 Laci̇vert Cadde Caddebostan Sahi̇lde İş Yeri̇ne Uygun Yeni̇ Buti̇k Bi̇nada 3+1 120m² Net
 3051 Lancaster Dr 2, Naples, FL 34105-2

--

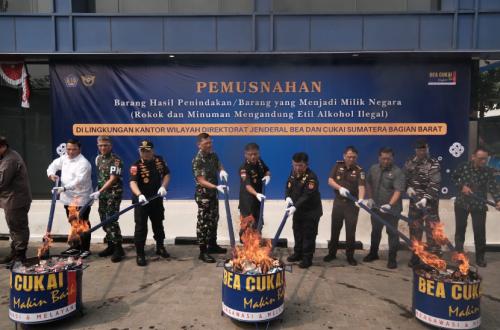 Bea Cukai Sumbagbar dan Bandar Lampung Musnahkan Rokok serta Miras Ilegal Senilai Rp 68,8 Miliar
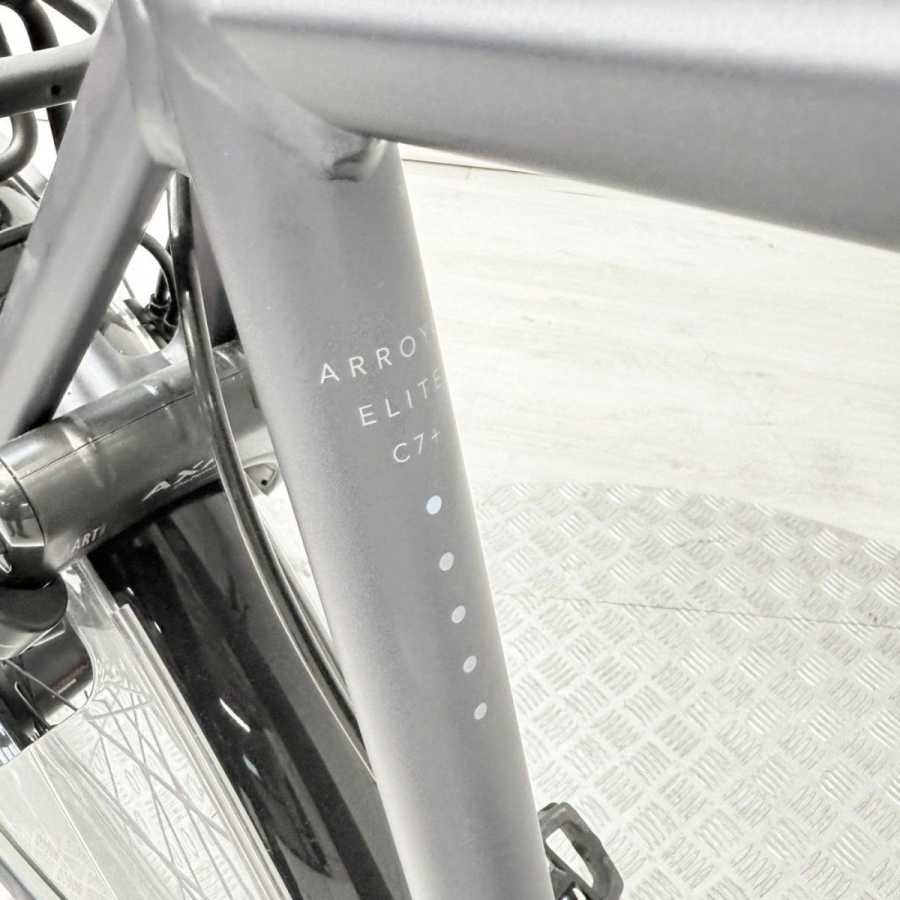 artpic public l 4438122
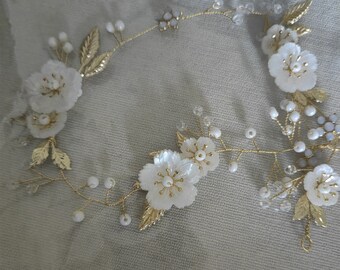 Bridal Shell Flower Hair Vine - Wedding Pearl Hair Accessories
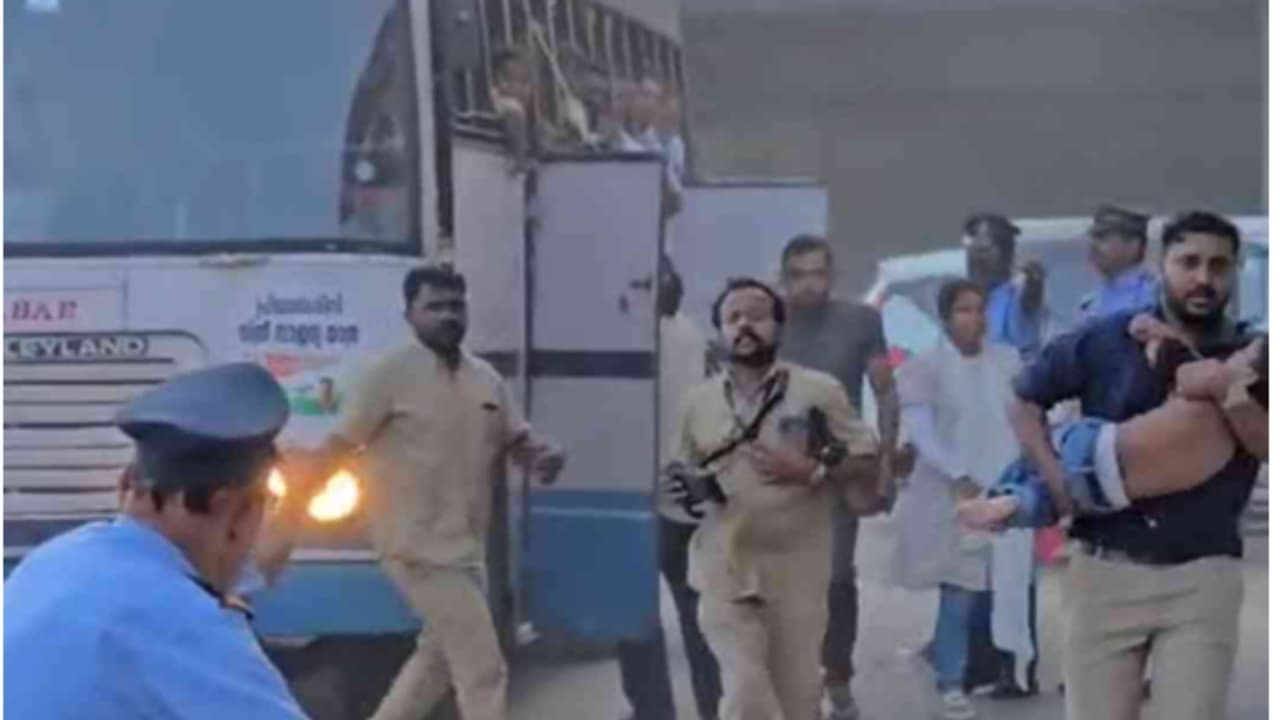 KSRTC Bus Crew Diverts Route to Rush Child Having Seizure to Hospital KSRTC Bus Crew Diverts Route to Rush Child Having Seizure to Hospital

* * *

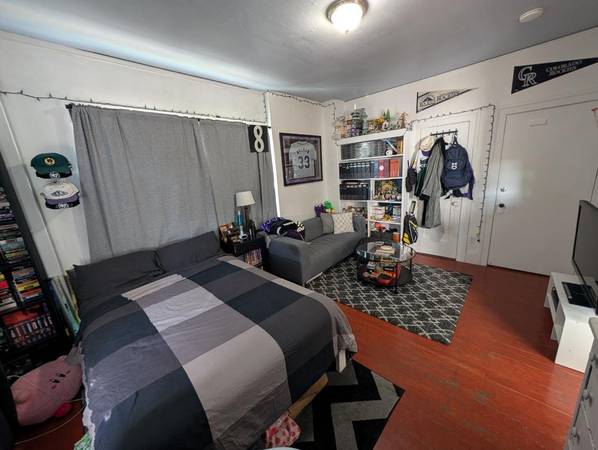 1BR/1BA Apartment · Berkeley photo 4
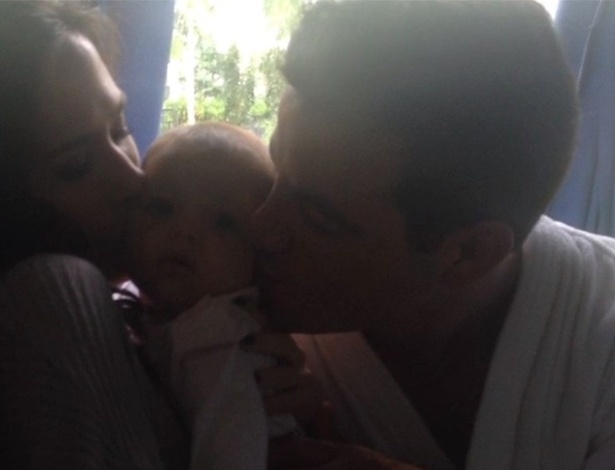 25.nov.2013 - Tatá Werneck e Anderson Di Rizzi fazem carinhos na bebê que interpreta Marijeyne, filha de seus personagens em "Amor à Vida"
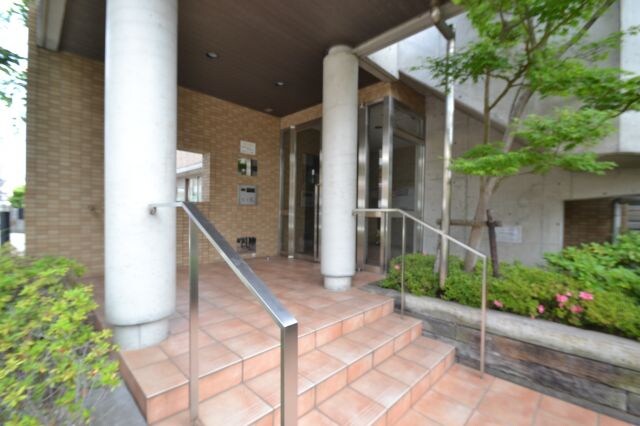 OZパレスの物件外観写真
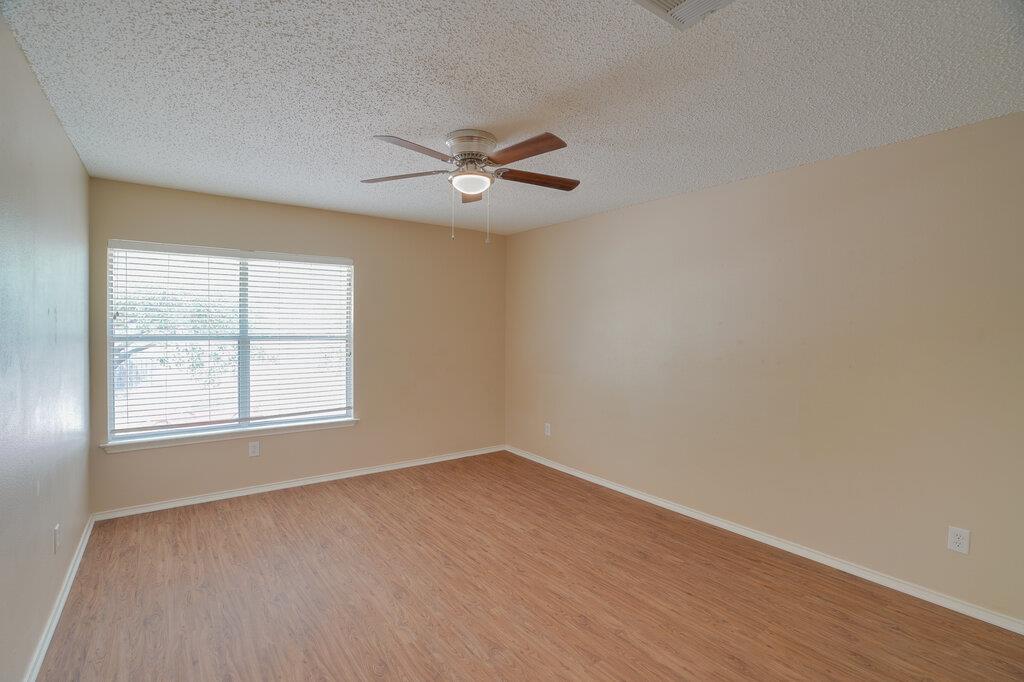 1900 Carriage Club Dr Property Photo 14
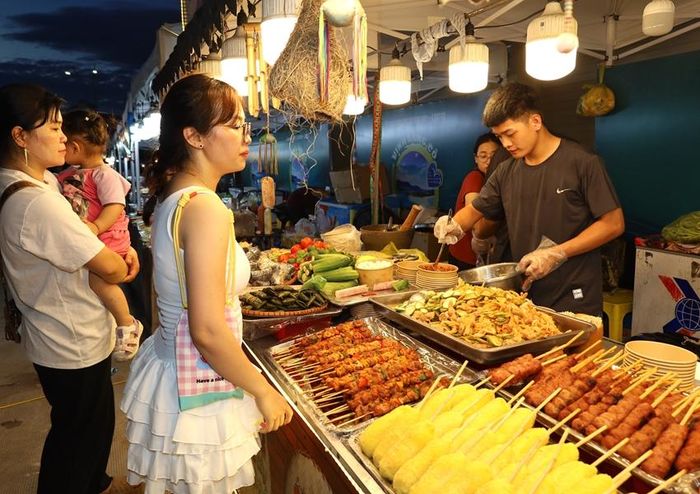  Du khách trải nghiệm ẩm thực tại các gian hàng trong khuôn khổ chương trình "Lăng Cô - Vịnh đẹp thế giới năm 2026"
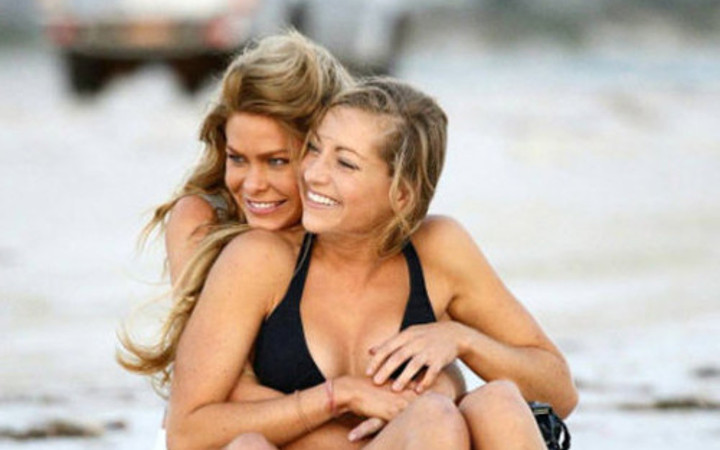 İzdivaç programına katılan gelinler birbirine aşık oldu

■ Goal of the exercise ■
Pictures aside, print exactly the lines above starting with the one containing "Bridal Shell Flower" and going on through the one containing "to Hospital KSRTC".

■ Expected answer ■
 Bridal Shell Flower Hair Vine - Wedding Pearl Hair Accessories
 KSRTC Bus Crew Diverts Route to Rush Child Having Seizure to Hospital KSRTC Bus Crew Diverts Route to Rush Child Having Seizure to Hospital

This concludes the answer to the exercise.